I want to use "GATE" through web. Then I decide to create a SOAP web service in java with help of GATE Embedded.
But for the same document and saved Pipeline, I have a different run-time duration, when GATE Embedded runs as a java web service. The same code has a constant run-time when it runs as a Java Application project.
In the web service, the run-time will be increasing after each execution until I get a Timeout error.
Does any one have this kind of experience?
This is my Code:
@WebService(serviceName = "GateWS")
public class GateWS {
@WebMethod(operationName = "gateengineapi")

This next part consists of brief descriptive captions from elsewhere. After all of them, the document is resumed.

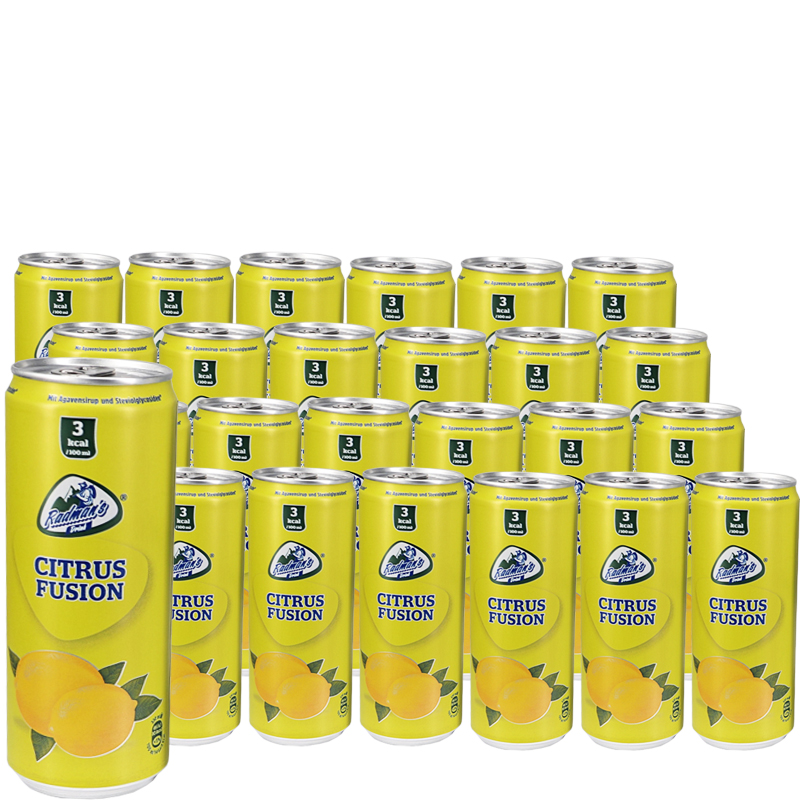 Läsk Citrus Fusion 24-pack - 69% rabatt
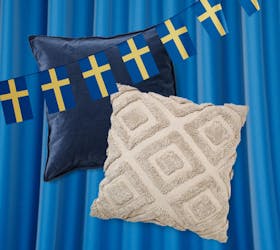 Prydnadskuddar som höjer känslan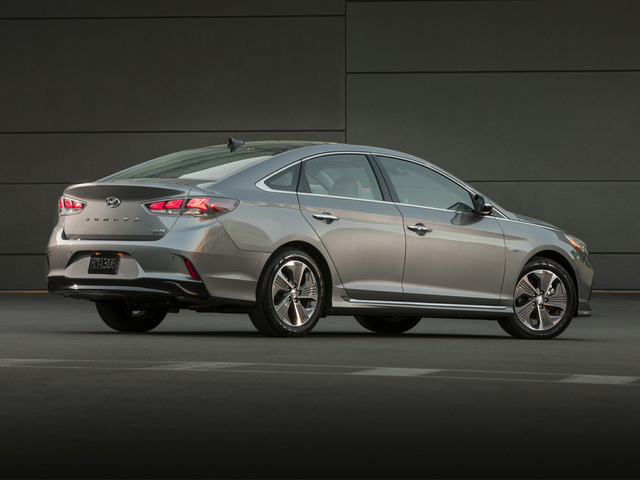 2019 Hyundai SONATA Hybrid
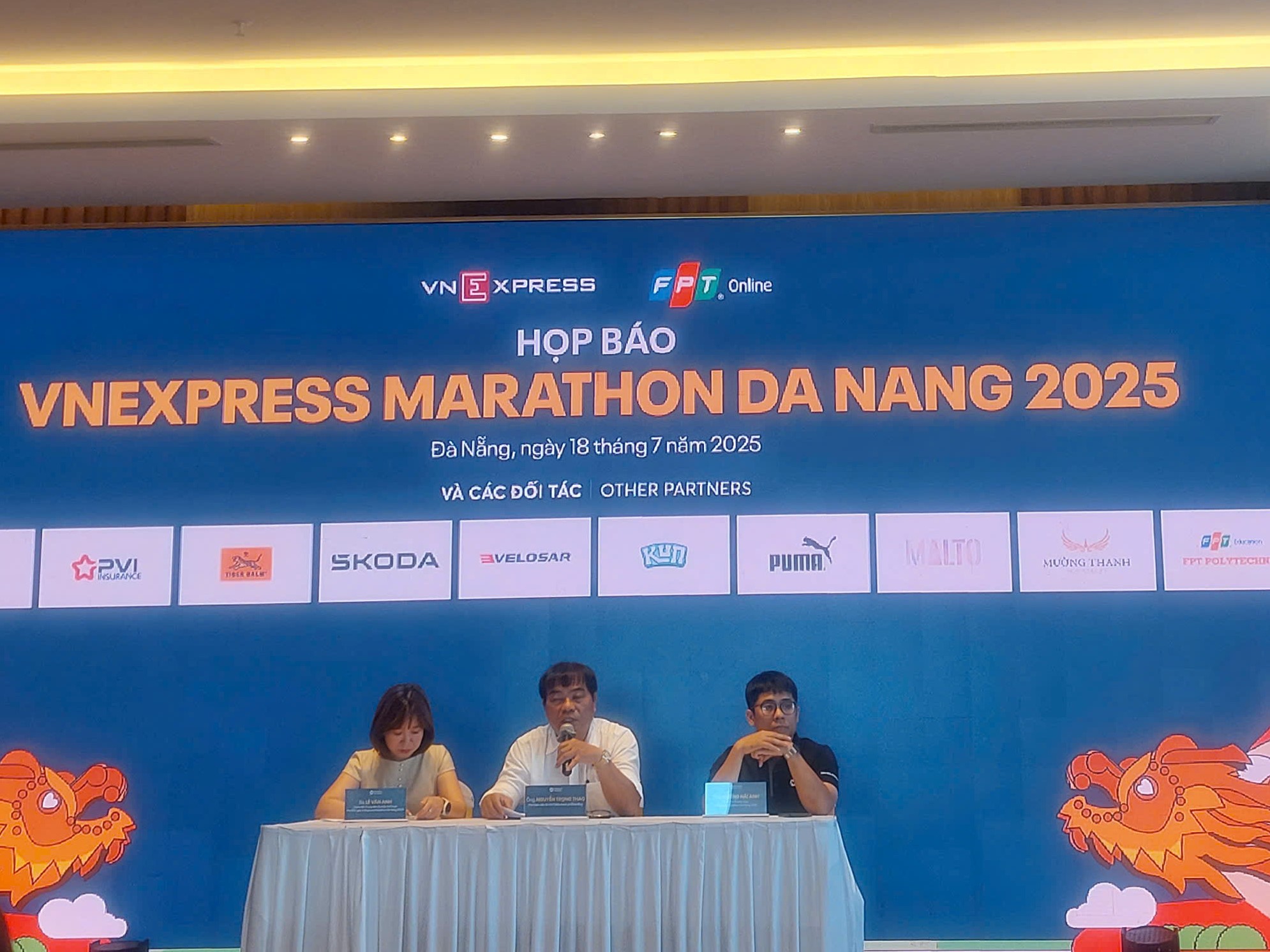 11.000 vận động vi&ecirc;n hội ngộ Marathon Da Nang 2025 - Ảnh 1.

public String gateengineapi(@WebParam(name = "PipelineNumber") String PipelineNumber, @WebParam(name = "Documents") String Docs) throws Exception {
try {
System.setProperty("gate.home", "C:\\GATE\\");
System.setProperty("shell.path", "C:\\cygwin2\\bin\\sh.exe");
Gate.init();
File GateHome = Gate.getGateHome();
File FrenchGapp = new File(GateHome, PipelineNumber);
CorpusController FrenchController;
FrenchController = (CorpusController) PersistenceManager.loadObjectFromFile(FrenchGapp);
Corpus corpus = Factory.newCorpus("BatchProcessApp Corpus");
FrenchController.setCorpus(corpus);
File docFile = new File(GateHome, Docs);
Document doc = Factory.newDocument(docFile.toURL(), "utf-8");
corpus.add(doc);
FrenchController.execute();
String docXMLString = null;
docXMLString = doc.toXml();
String outputFileName = doc.getName() + ".out.xml";
File outputFile = new File(docFile.getParentFile(), outputFileName);
FileOutputStream fos = new FileOutputStream(outputFile);
BufferedOutputStream bos = new BufferedOutputStream(fos);
OutputStreamWriter out;
out = new OutputStreamWriter(bos, "utf-8");
out.write(docXMLString);
out.close();
gate.Factory.deleteResource(doc);
return outputFileName;
} catch (Exception ex) {
return "ERROR: -> " + ex.getMessage();
}
}
}
I really appreciate any help you can provide.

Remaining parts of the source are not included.